* Problem to solve *
Apart from the images, every record here needs to be copied exactly.

* Supplied records *
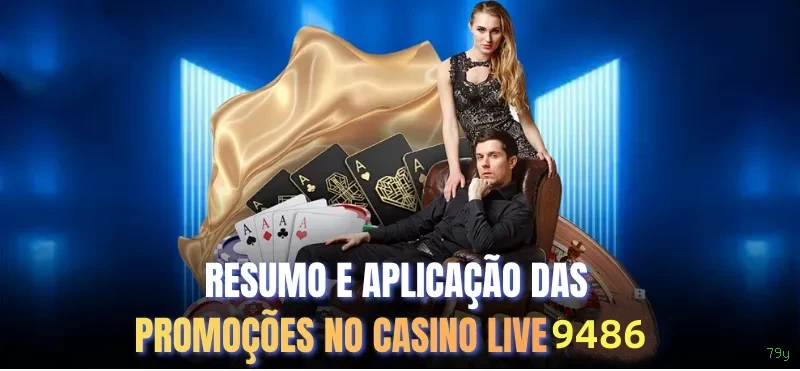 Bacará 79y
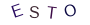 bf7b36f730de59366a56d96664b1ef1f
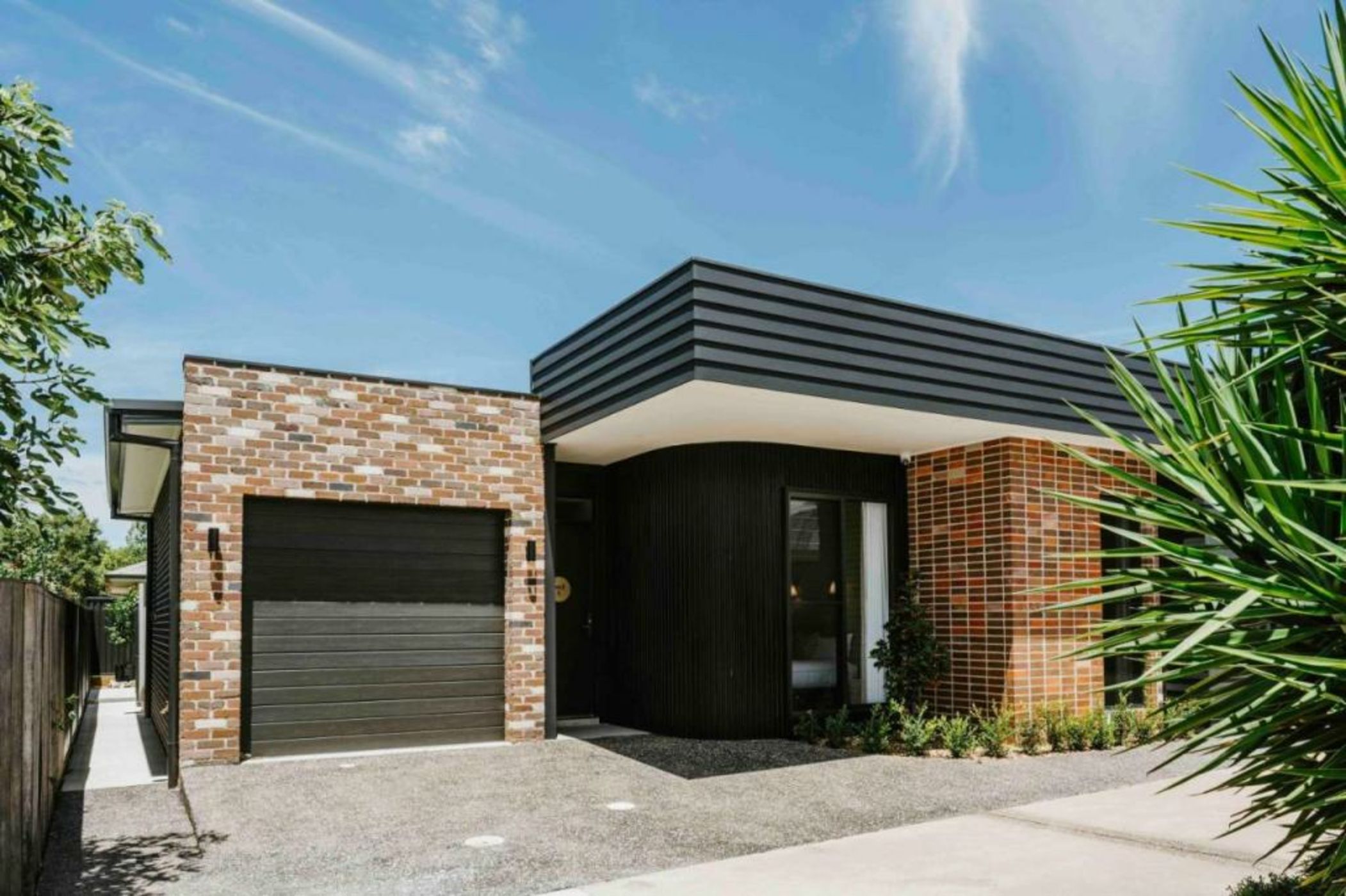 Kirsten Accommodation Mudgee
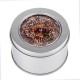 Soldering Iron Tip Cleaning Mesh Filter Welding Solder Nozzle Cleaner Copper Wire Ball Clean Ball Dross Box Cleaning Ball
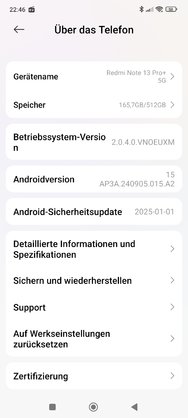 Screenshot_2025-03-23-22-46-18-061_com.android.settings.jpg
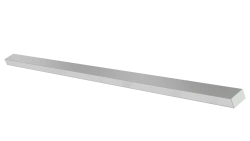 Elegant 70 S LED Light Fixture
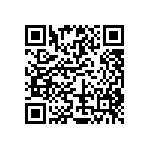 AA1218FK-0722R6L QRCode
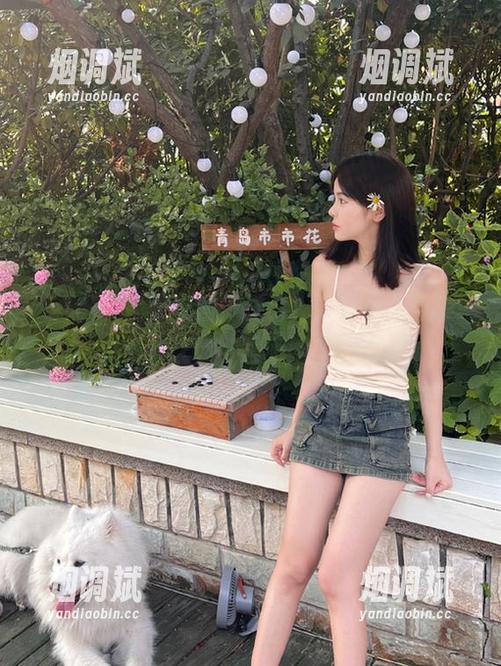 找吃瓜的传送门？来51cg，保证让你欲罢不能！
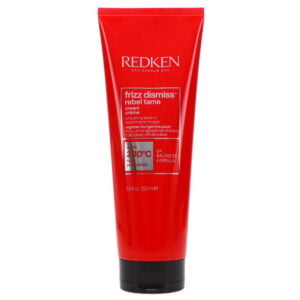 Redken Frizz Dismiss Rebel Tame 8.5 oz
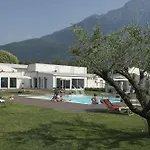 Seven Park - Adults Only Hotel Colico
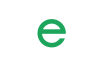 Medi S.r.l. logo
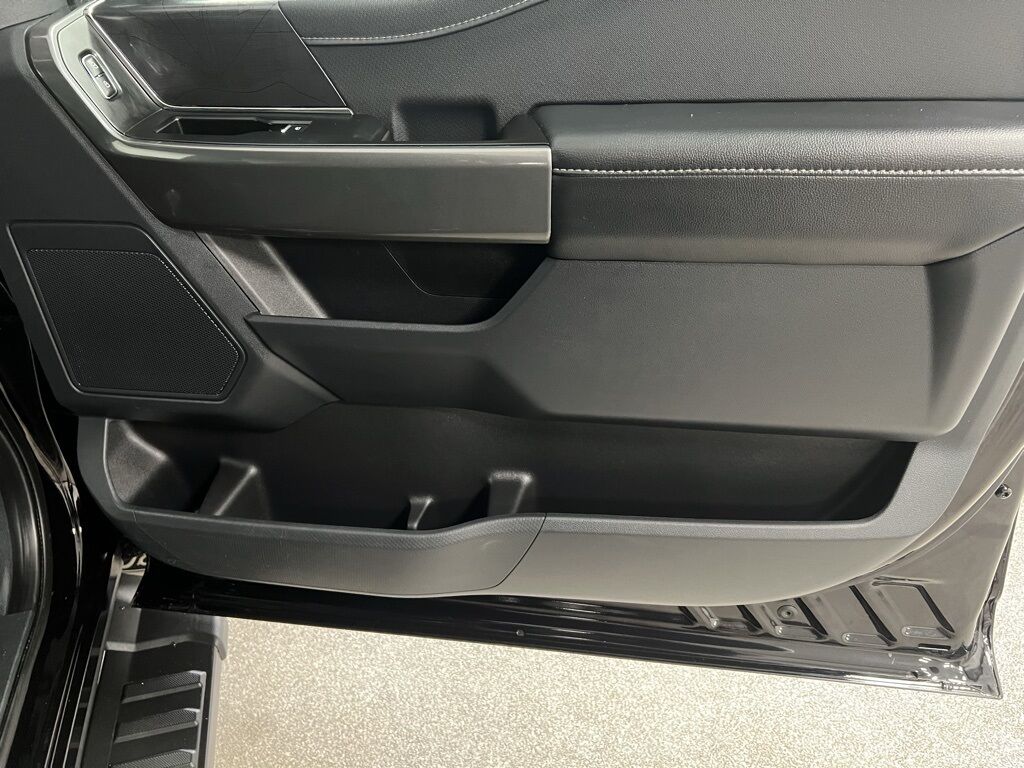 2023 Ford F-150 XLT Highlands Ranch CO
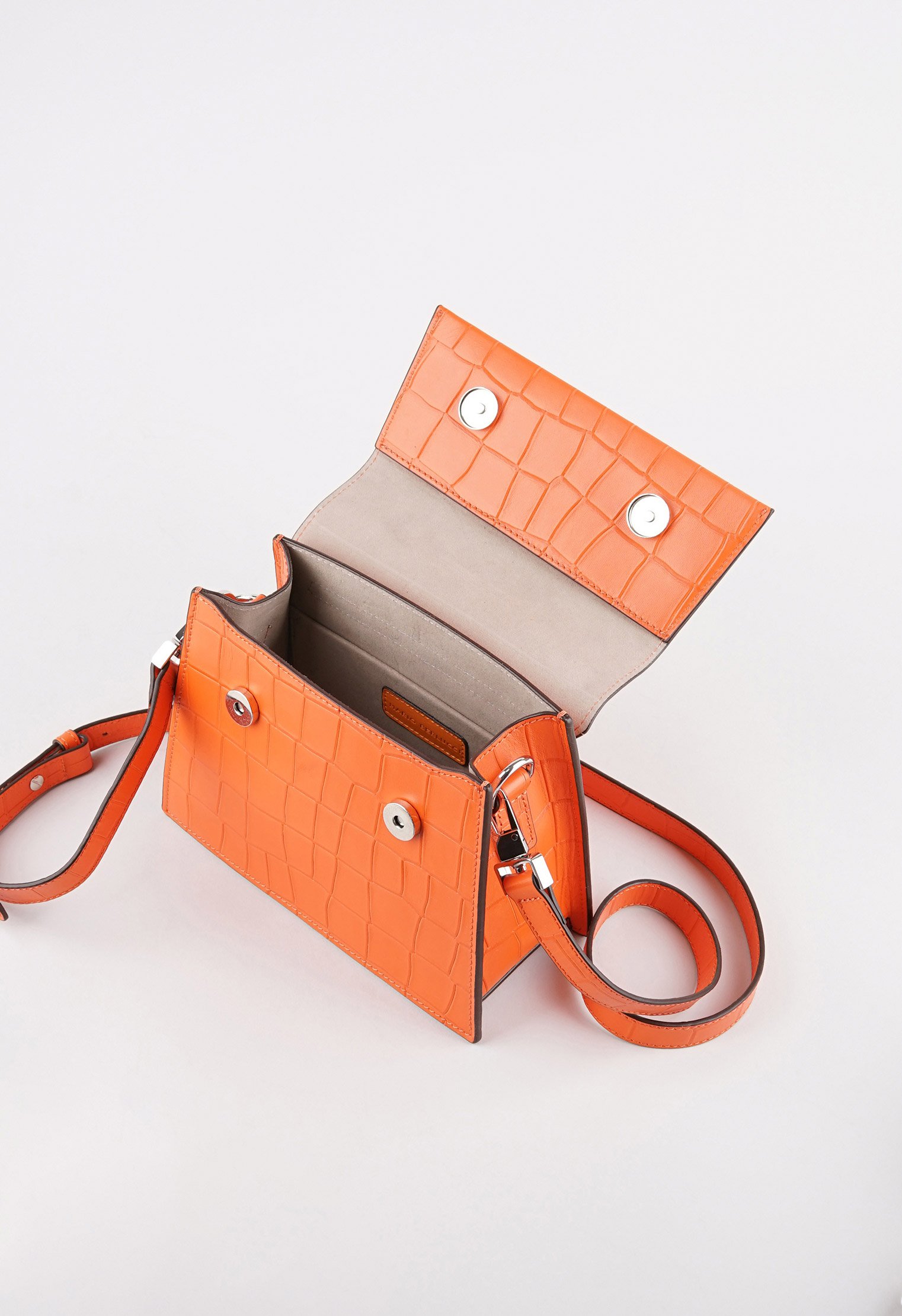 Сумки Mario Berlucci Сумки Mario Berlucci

* Worked solution *
 Bacará 79y
 bf7b36f730de59366a56d96664b1ef1f
 Kirsten Accommodation Mudgee
 Soldering Iron Tip Cleaning Mesh Filter Welding Solder Nozzle Cleaner Copper Wire Ball Clean Ball Dross Box Cleaning Ball
 Screenshot_2025-03-23-22-46-18-061_com.android.settings.jpg
 Elegant 70 S LED Light Fixture
 AA1218FK-0722R6L QRCode
 找吃瓜的传送门？来51cg，保证让你欲罢不能！
 Redken Frizz Dismiss Rebel Tame 8.5 oz
 Seven Park - Adults Only Hotel Colico
 Medi S.r.l. logo
 2023 Ford F-150 XLT Highlands Ranch CO
 Сумки Mario Berlucci Сумки Mario Berlucci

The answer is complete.